Hi, as some one mentioned, I had something
similar. I was installing a sewer line at a new
house and I was just at p/l when my backhoe
pulled a gas line out of the dresser sleeve. The
natural gas got sucked into the breather and
engine really rev'd up. I knew what happened but it
sure gives you a few anxious moments. I raised the
boom and drove ahead some feet. It came back to
normal. I had that happen 2 times in 30 years. Ed
Will Oliver BC
 
I used to run a octane/cetane lab in a refinery. The cetane engine
was used to determine the cetane rating of a sample of diesel fuel.
These engines revs are held back by a electric motor. If a electric
power outage occurs, then the diesel engine becomes a runaway and you have to cut off fuel to starve engine. Had this happen many times.
Ran many a mad dashes to the lab when I saw the lights flicker.
a258095.jpg
 
Hi, as some one mentioned, I had something
similar. I was installing a sewer line at a new
house and I was just at p/l when my backhoe
pulled a gas line out of the dresser sleeve. The
natural gas got sucked into the breather and
engine really rev'd up. I knew what happened but it
sure gives you a few anxious moments. I raised the
boom and drove ahead some feet. It came back to
normal. I had that happen 2 times in 30 years. Ed
Will Oliver BC
 
(quoted from post at 16:24:12 02/22/18)
(quoted from post at 14:48:31 02/22/18) Really should never run a Detroit that the emergency stop isn't working.
ou are only one of two in this entire thread that seem aware of the emergency shutoff flap on the Detroits.???

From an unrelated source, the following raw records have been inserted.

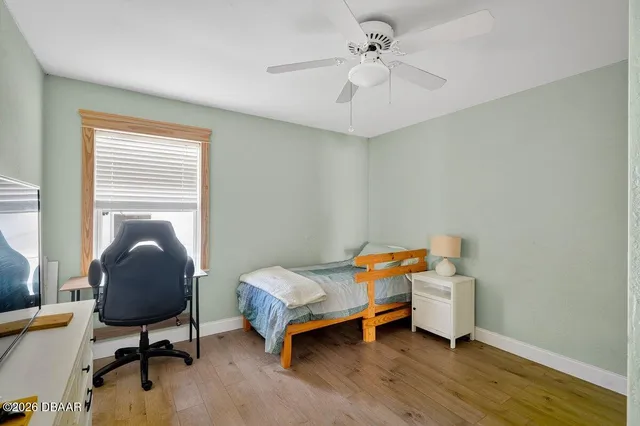 a bedroom with furniture and windows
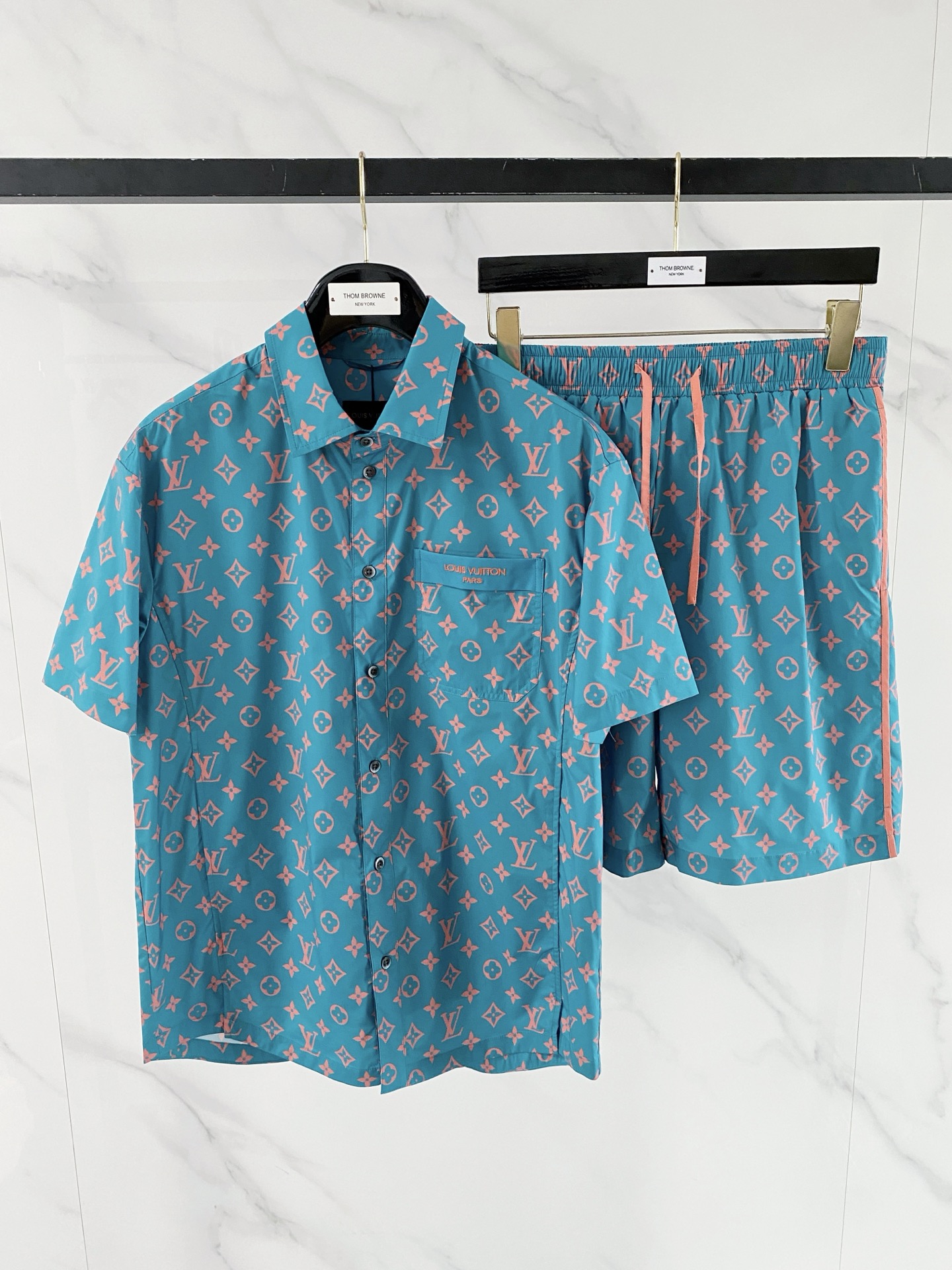 NO:848811,/set LV 2026 spring and summer presbyopia suit, lazy people can just close their eyes and buy it!  The fabric has an extremely light satin texture, drapes silky, and has a cool feeling. It is refreshing and not sweaty when worn in summer. The classic presbyopia is printed with the Monogram logo, making it highly recognizable, and the upper body has a noble buff. The details are full of brand logos on the chest pockets of the shirt, and the contrast webbing on the side of the shorts is low-key and exquisite. Three colors are available: black and gray for calmness, white and gray for refreshing, and blue and pink for eye-catching, suitable for different styles.  The good news for lazy people is that the shirt + shorts are a complete set. You don’t have to worry about putting them together when you go out. You can wear them on vacation or every day!  Size 48-56,,louis vuitton,shorts,shirts,19860909/套 LV 2026春夏老花套装,懒人直接闭眼入！ 面料绝了轻薄缎面质感,垂坠丝滑,自带凉感,夏天穿清爽不闷汗 经典老花加持满印Monogram标识,辨识度拉满,上身自带贵气buff 细节拉满衬衫胸口口袋品牌标识,短裤侧边撞色织带,低调又精致 三色可选黑灰沉稳、白灰清爽、蓝粉亮眼,适配不同风格 懒人福音衬衫+短裤成套搭配,出门不用费心组合,度假/日常都能穿！ 码数48-56,,louis vuitton,shorts,shirts,,Men's clothing
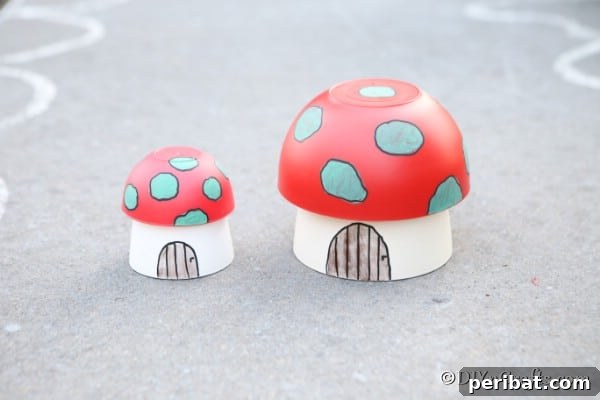 Whimsical Hand-Painted Mushroom Garden Planter 13 Two mushroom planter houses displayed proudly on a sidewalk, showcasing creative garden decor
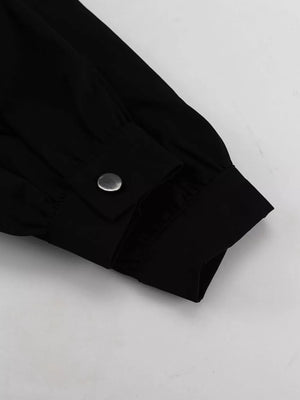 Black long sleeve shirt cuff with silver snap button detail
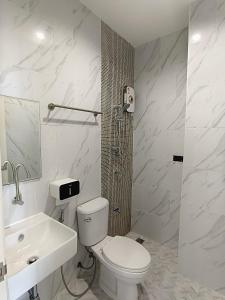 une salle de bains blanche avec toilettes et lavabo dans l'établissement Airport Stay Phuket Zz, à Nai Yang Beach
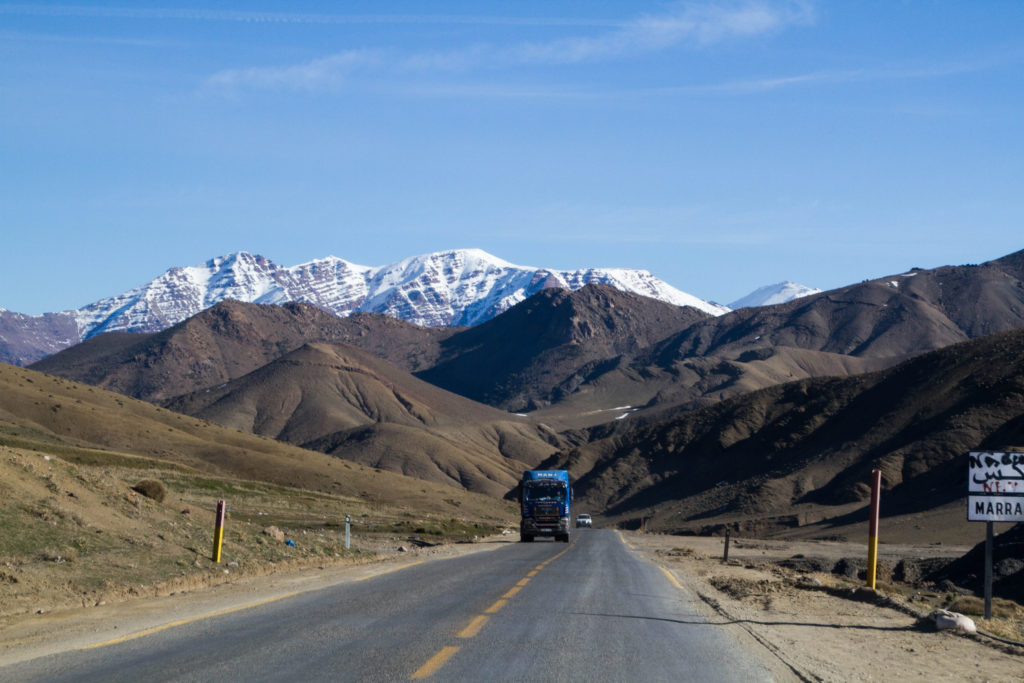 A windshield view of the road to Marrakech through the High Atlas Mountains.
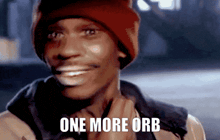 a man wearing a red beanie is smiling with the words one more orb above him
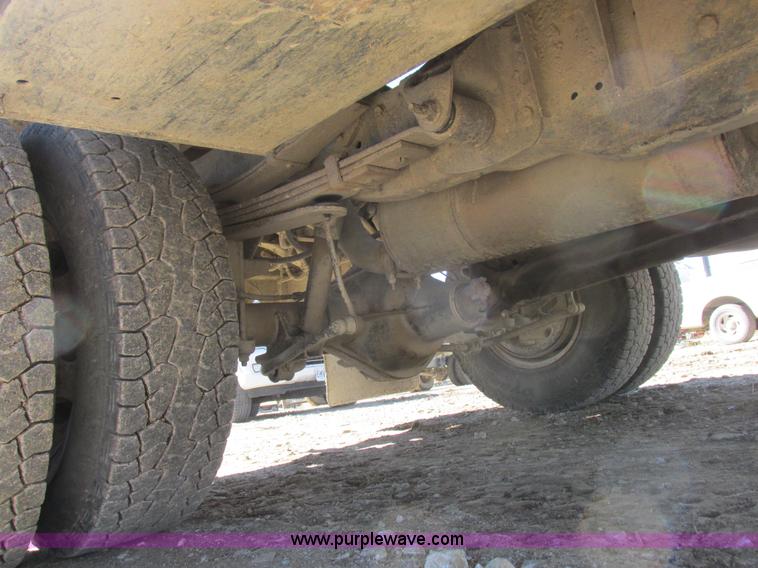 image for item K2231 2001 Dodge Ram 3500 Quad Cab flatbed pickup truck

Yes...the emergency flap or the cable are always stuck or un-hooked on the two stroke Detroits.

I over-hauled a 4-53 in a Oliver 1950 last summer. Of course the safety butterfly ahead of the super-charger was stuck...cable un-hooked to the governor...

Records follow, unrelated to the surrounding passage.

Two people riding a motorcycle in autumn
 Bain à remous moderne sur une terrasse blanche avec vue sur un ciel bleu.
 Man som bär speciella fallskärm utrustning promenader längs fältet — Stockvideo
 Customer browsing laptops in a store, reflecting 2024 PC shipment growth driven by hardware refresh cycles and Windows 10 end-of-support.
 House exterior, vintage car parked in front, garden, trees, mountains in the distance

I learned my Detroit lesson early on with a 8V71. Truck shop I worked in needed a 'new' engine for a customer's truck a cab-over Marmon. Anyhow..the customer bought a used..but supposedly 'good' 8V71 from a salvage yard. The lead mechanic and I got the power-pack out of the Marmon and had the replacement V8 hanging on the A-frame hoist and the lead man had the brilliant idea to start the thing before we installed it(good idea as it turned out).

I got a can of fuel rigged-up..lead man rolled our battery cart up to the engine. we set the engine down on wood blocks but still hanging on the hoist too. Jumpered the big Detroit and it took off right away and promptly began running away!!

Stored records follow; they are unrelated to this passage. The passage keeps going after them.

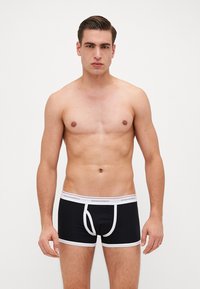 Svarta boxertrosor med vita detaljer, med en elastisk midja märkt "DSQUARED2" och en figurnära design. Mjuk tyg.
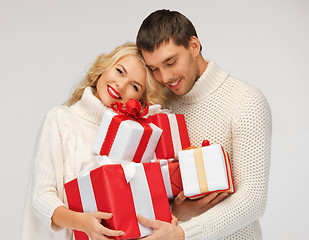 Image showing romantic couple in a sweaters with gift boxes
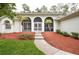 Inviting front entrance with charming arched doorways, lush landscaping, and a walkway at 8444 Shenandoah Run, Wesley Chapel, FL 33544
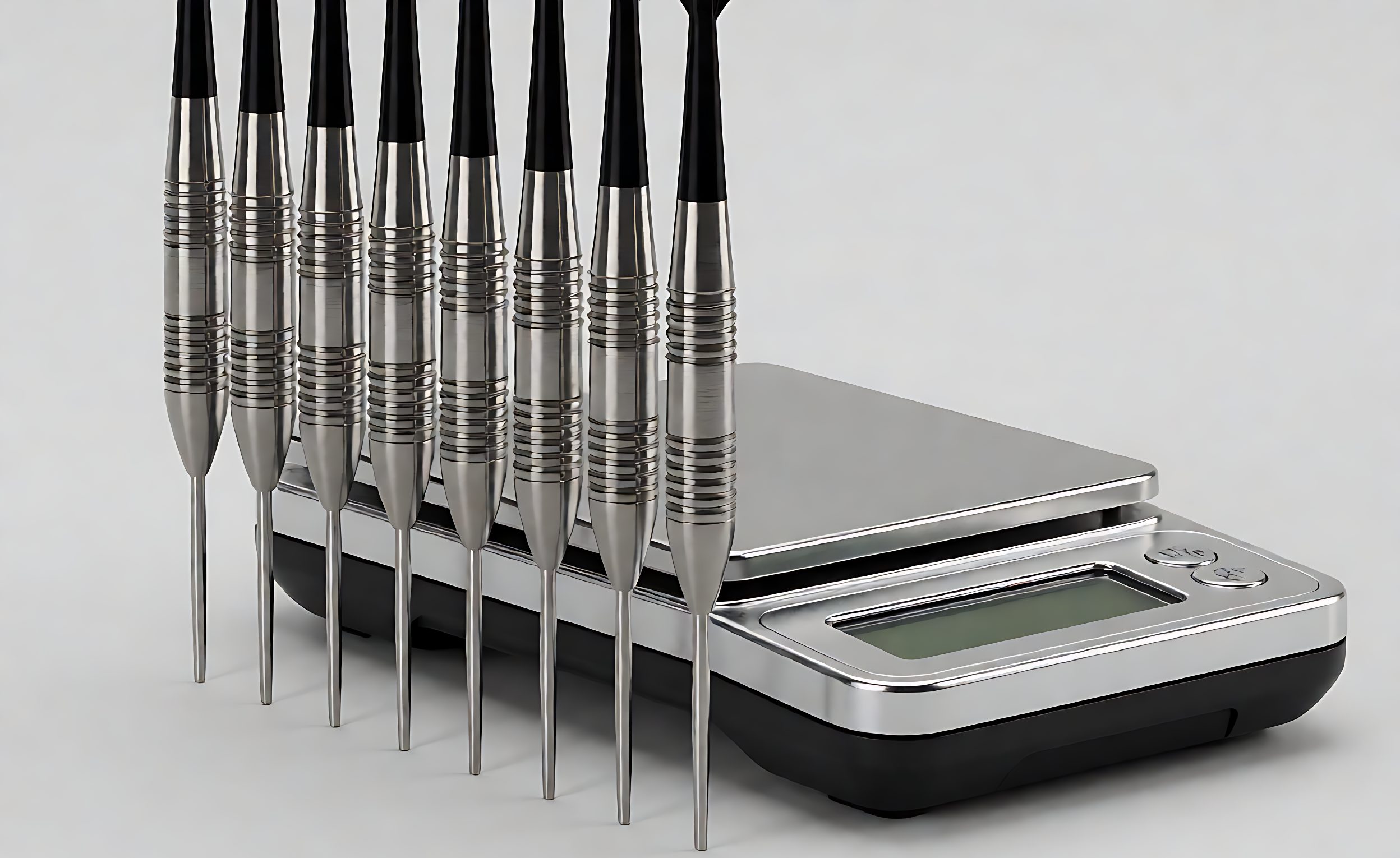 Steel-tip darts standing upright beside a digital precision scale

We had the valve covers off so we could manually control the rack/racks...but no good!! The engine was just screaming and blowing solid black smoke and oil out the right bank...then the left bank too! I watched the lead mechanic disappear in the smoke as he was fumbling with the safety butterfly..I grabbed the fuel can and ran!! Engine would not die..just screamed louder with no fuel!!??...and blowing solid black smoke and oil out the exhausts....Lead man runs out of the cloud unable to shut the engine down!!

We just let it go!! The engine torqued itself off the blocks and swung around on the hoist until it's front pulley was against the leg of the hoist...was shooting sparks out the exhausts...and off the front pulley!!...all the while spraying oil and solid black smoke out the exhausts...it finally ran out of motor oil and locked-up....

There was a white Pontiac Grand Prix in the shop about ten yards behind the engine in line of the exhausts...the car was black with burned oil after the event!....I was black too...the lead mechanic was a black man anyhow...but he was really really black after the event!

Turns out there was a broken piston crown on the right bank...the piston cooler nozzle was supplying motor oil directly into the combustion chamber through the hole in the piston...the oil was getting distributed to all the cylinders through the air-box and she just ran and ran until she stopped....

We got a major azz-chewing for turning the bosses daughter's Pontiac black....No moral to the story except to always make for sure your Detroit's safety butterfly works
 
. I always left the air pre cleaner cap just snug on my 2-53. Glad I did as one day while using the rotary cutter she tried to run away. Turns out the governor internals failed . Whipped the top off the air intake and throttled the rpms with the palm of my hand on the trip back to the shop.